Jun 18, 2013 03:02 PM EDT
(Reuters) - Google Inc has settled a shareholder class action lawsuit that clears the way for the company to issue a new class of nonvoting stock, giving the company a currency for acquisitions that would not dilute the founders' control.
The online search engine leader had planned to issue Class C shares as a dividend to investors, but a shareholder, the Brockton Retirement Board, sued, claiming the plan gave the founders, Sergey Brin and Larry Page, added control without paying for it.
The lawsuit was scheduled to go to trial on Tuesday in a Delaware state court. The founders were expected to testify.
The settlement will give holders of the new Class C stock a cash or stock payment if the value of the stock differs by more than 1 percent from the value of Class A shares, which have traded on the Nasdaq since its public listing in 2004.
The settlement was disclosed in a regulatory filing on Monday.
"We're pleased to have reached an agreement to settle this litigation," the company said in a statement.

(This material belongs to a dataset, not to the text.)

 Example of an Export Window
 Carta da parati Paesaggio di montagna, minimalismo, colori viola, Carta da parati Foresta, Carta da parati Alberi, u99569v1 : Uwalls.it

"We've always believed our founder-led approach gives us the freedom to make long-term bets, like Android, Chrome and YouTube, that benefit consumers and shareholders alike."
Google has had two classes of stock since it went public. Class A carries one vote each, while Brin and Page control Google through their holdings of Class B shares, which carry 10 votes each.
The new Class C shares will allow Brin and Page to sell more stock without surrendering control of the company.
Google shares rose 1.5 percent to $888.46 alongside a broadly higher market.